Akankah dolar AS menguji level atas terhadap yen berdasarkan indikator perumahan AS?
18.05.2026
- Penjualan Ritel dan Produksi Industri Tiongkok pada Bulan April
- Indeks Pasar Perumahan NAHB AS bulan Mei
Pada hari perdagangan sebelumnya, dolar AS bergerak kokoh seiring kenaikan suku bunga AS, didorong oleh meningkatnya kekhawatiran inflasi akibat ketidakpastian seputar situasi di Timur Tengah dan kenaikan harga minyak mentah. Pasangan mata uang dolar AS/yen bergerak dalam kisaran 158,29 hingga 158,86 sebelum ditutup di sekitar 158,77, dan terus bergerak di kisaran 158 yen-an bagian atas.Saat ini, level 159,00 cenderung menjadi resistensi atas yang diperhatikan, sementara di sisi bawah, fokus akan tertuju pada apakah level 158,30 hingga sekitar 158,00 akan berfungsi sebagai support bawah.

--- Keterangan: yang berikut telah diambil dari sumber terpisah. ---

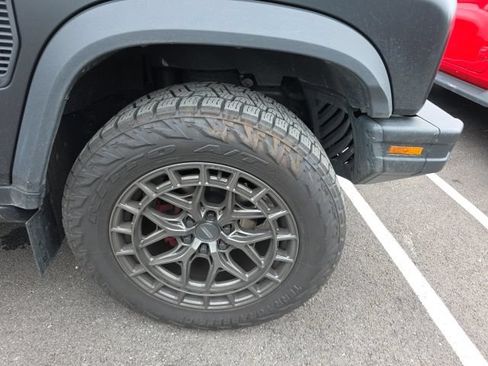 Used 2024 INEOS Grenadier AWD/4WD image 13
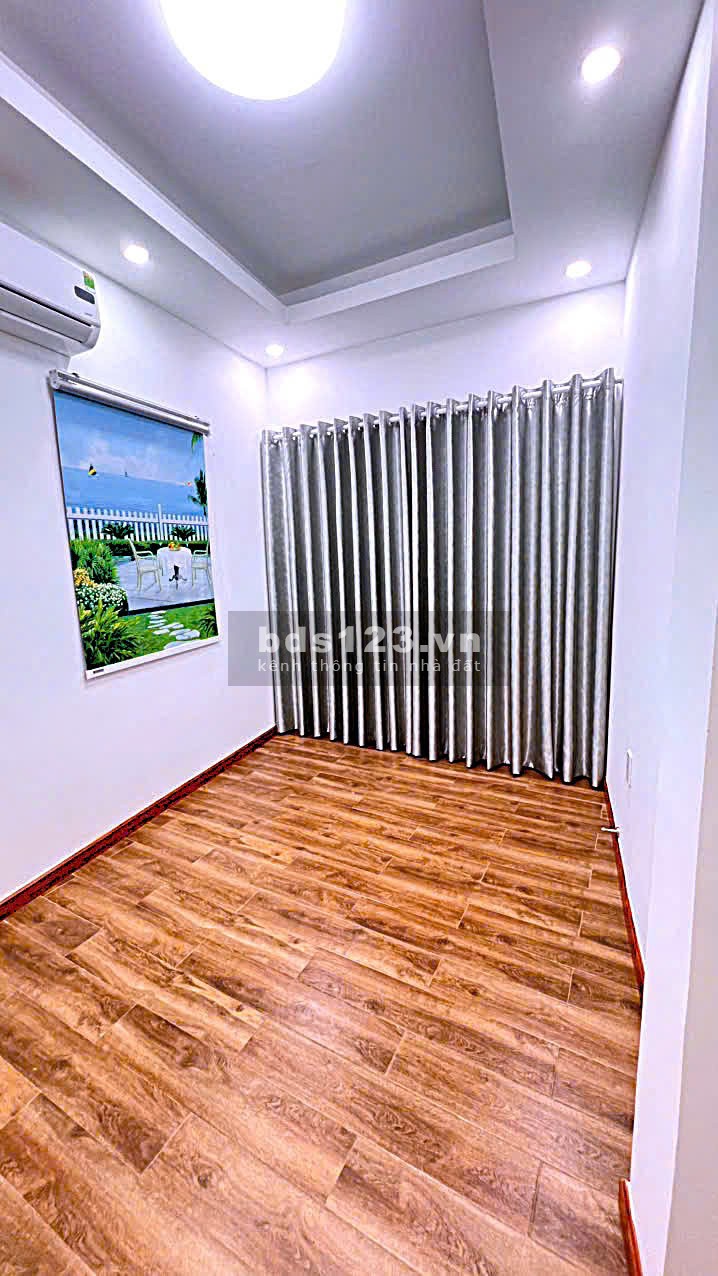 Chính chủ bán nhà 1 lầu 1 sẹc tại Nguyễn Duy Trinh - Bình Trưng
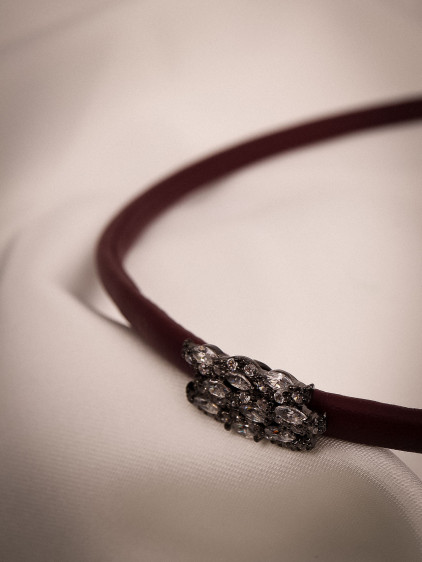 Bordo Yumuşak Deri Antrasit Renk Zircon Taşlı Choker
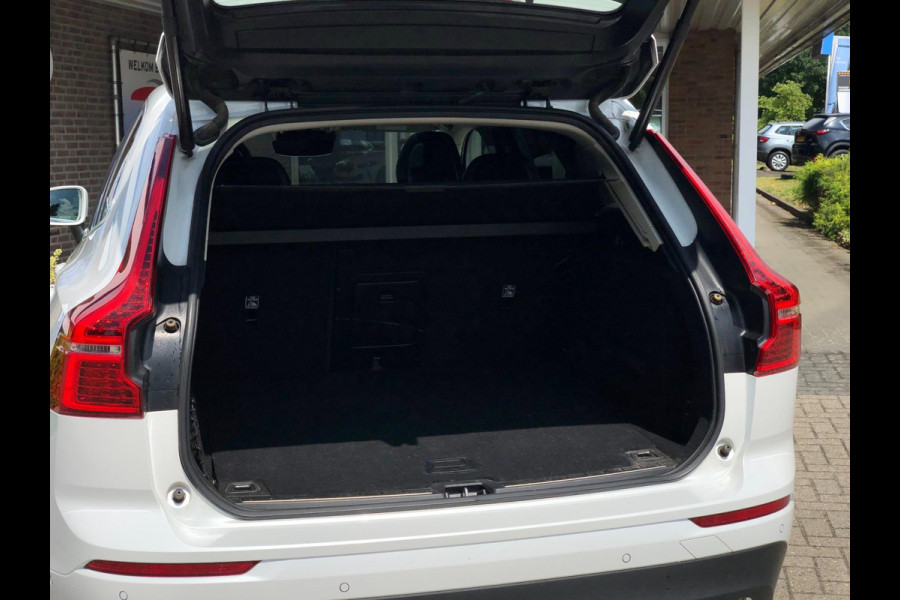 Volvo XC60 2.0 T6 AWD Momentum | Pano, Luchtvering, 360 Camera, Stoelverw., Carplay/Android, Virt. Cockp. | 1e Eigenaar |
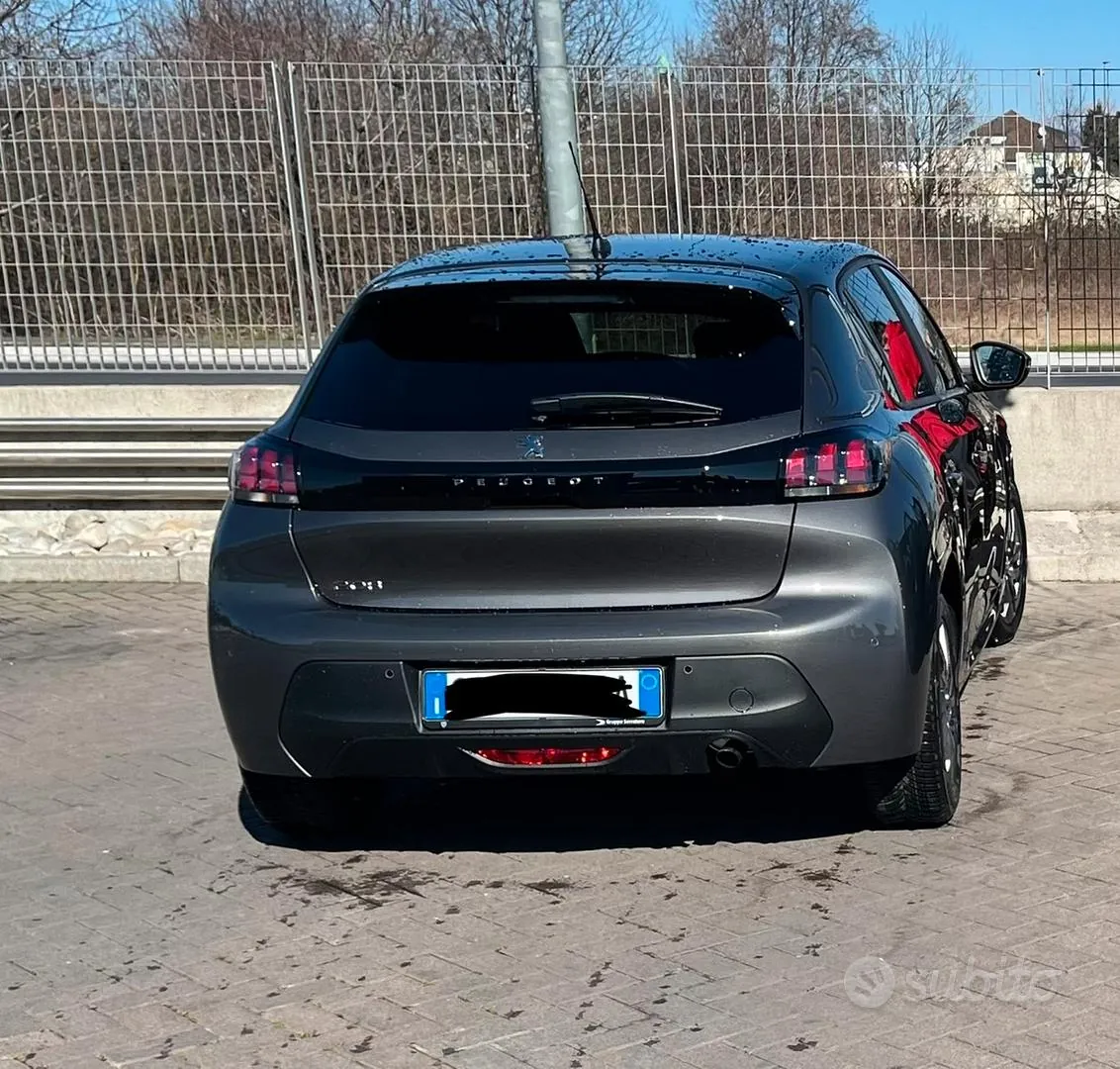 Peugeot 208 2022 photo 4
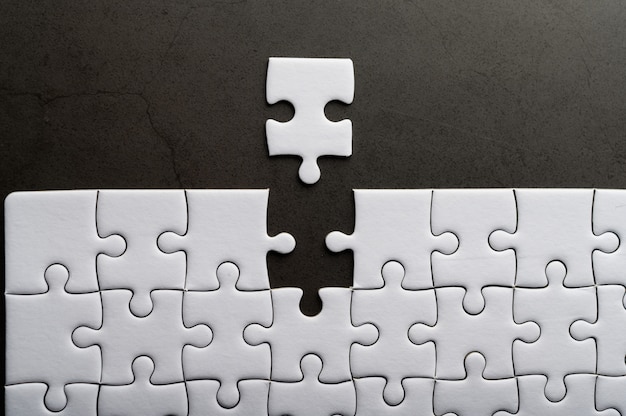 Free photo jigsaw puzzle with missing piece. missing puzzle pieces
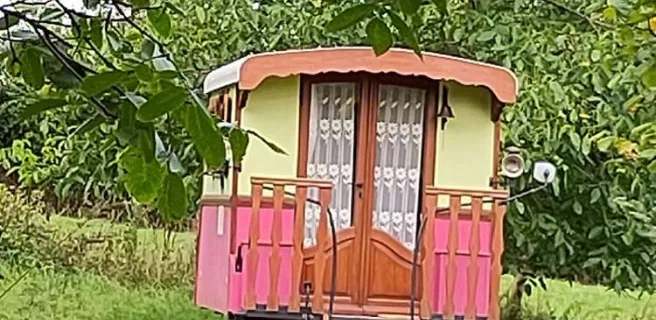 Hébergement insolite > Roulotte Pivoine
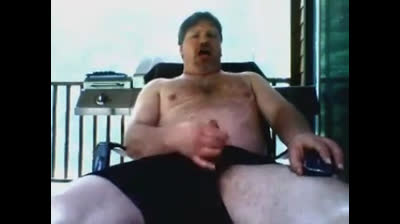 Beefy Daddy Strokes and Shoots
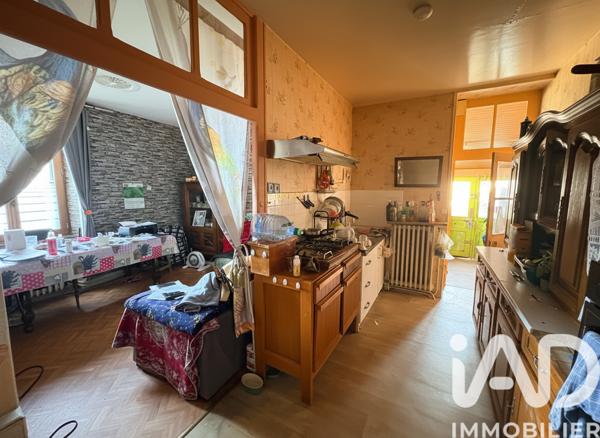 Maison à vendre 6 pièces 130 m² Ainay-le-Château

Menyusul rilis Indeks Pasar Perumahan NAHB AS hari ini, perlu diamati apakah ruang kenaikan dolar AS akan melebar.
Mata uang Eropa tertekan oleh penguatan dolar AS dan ketidakpastian seputar politik Inggris, yang menyebabkan pound melemah terhadap dolar. Pasangan mata uang pound/dolar bergerak dalam kisaran 1,3314 hingga 1,3412, kemudian ditutup di sekitar 1,3325, sehingga levelnya turun ke kisaran awal 1,3300.Fokus jangka pendek adalah apakah pound dapat pulih ke sekitar 1.3350, dengan level resistensi di sekitar 1.3400 dan support di kisaran 1.3310 hingga 1.3300. Di tengah kondisi pasar yang didominasi dolar AS, perlu dipantau apakah penurunan pound akan terhenti.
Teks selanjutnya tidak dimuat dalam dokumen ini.